Les quatre intervenants ont souhaité que la communauté internationale adopte une action coordonnée, basée sur l’appropriation nationale, dans le cadre de l’Accord de Djibouti du 25 octobre 2008.  Ils ont également mis l’accent sur le renforcement du Gouvernement fédéral de transition, la refondation suffisante des Forces nationales de sécurité, l’édification des institutions nationales en insistant sur la nécessité de mesures à la hauteur de la gravité et de la complexité sur le terrain, y compris à travers la transformation de l’AMISOM en opération de maintien de la paix de l’ONU.  


LA SITUATION EN SOMALIE


Rapport du Secrétaire général sur la situation en Somalie ( S/2009/684 )


Le Secrétaire général, dans ce rapport qui constitue une mise à jour des principaux faits nouveaux intervenus en Somalie depuis début octobre 2009, évalue la situation politique, la situation sur les plans de la sécurité et des droits de l’homme et la situation humanitaire, ainsi que les progrès accomplis dans la mise en œuvre de l’approche graduelle en trois phases énoncée dans le rapport du Secrétaire général d’avril 2009.
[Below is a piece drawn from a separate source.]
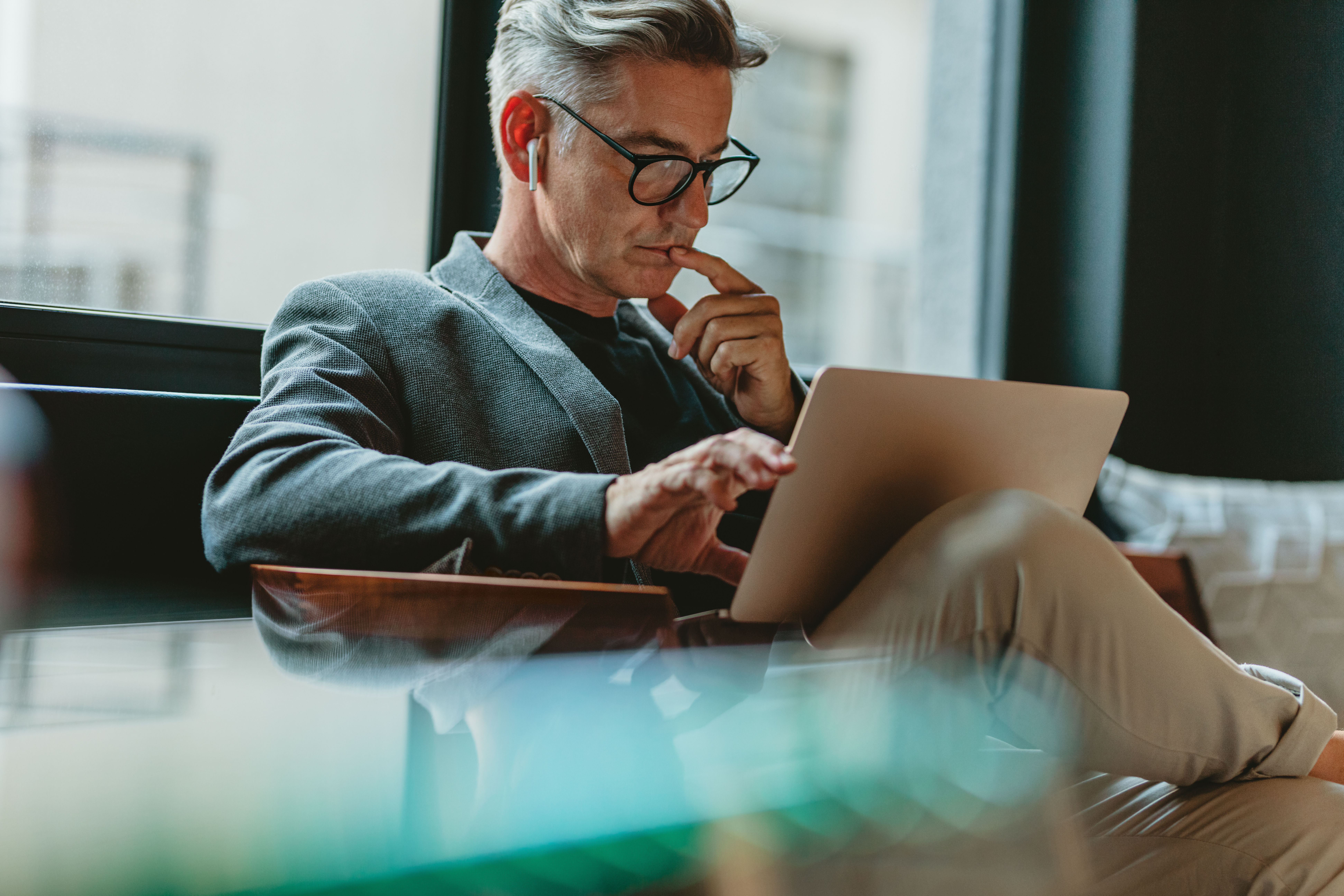 Businessman with a laptop in his lap learning a new language online with Berlitz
Ces trois phases constituent une approche prudente, soigneusement calibrée et flexible, permettant aux Nations Unies (ONU) de jauger l’acceptabilité, la viabilité et l’efficacité de la mise en place progressive d’une présence élargie et de mettre l’accent sur le développement des capacités des institutions sécuritaires de la Somalie et sur l’appui à la Mission de l’Union africaine en Somalie (AMISOM), écrit le Secrétaire général.


Le rapport couvre également les activités opérationnelles de l’ONU et les mesures de lutte contre la piraterie engagées par la communauté internationale après l’établissement du rapport du 13 novembre 2009 (S/2009/590). 
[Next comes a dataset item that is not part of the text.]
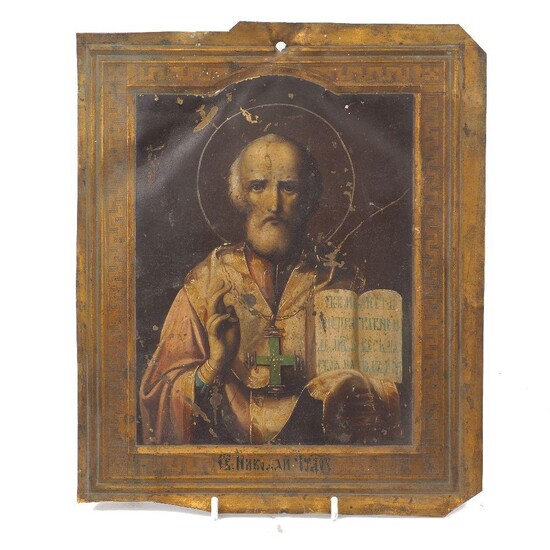 A Russian icon of Saint Nicholas, late 19th Century, with open book and right hand blessing, painted and parcel gilt on brass panel, 29cm x 24cm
Le Secrétaire général précise que le Bureau politique entend surtout renforcer sa présence dans le « Somaliland » et le « Puntland ».  Il espère que cette présence stabilisera la situation au niveau national, calmera le jeu entre le Gouvernement fédéral de transition, le « Somaliland » et le « Puntland », et consolidera le processus d’élaboration d’une constitution.


Le Secrétaire général estime qu’une aide doit continuer d’être fournie à l’AMISOM et au Gouvernement fédéral de transition pour réduire le danger que posent les restes de guerre et autres engins explosifs.  Il recommande que la stratégie actuelle soit maintenue en 2010 et que les activités prescrites par le Conseil de sécurité se poursuivent.


Il engage le Gouvernement fédéral de transition à rester déterminé à dialoguer et à rechercher activement toutes les occasions de parvenir à la réconciliation et à une paix durable.  Il l’engage aussi à consolider et cimenter les accords et les alliances qui le lient à ses partenaires somaliens dans le pays.  Il demande à tous les Somaliens qui ne participent pas au processus de paix de renoncer à la violence et de s’associer à la recherche de la paix et de la réconciliation, et exhorte les acteurs nationaux et internationaux à soutenir ce processus.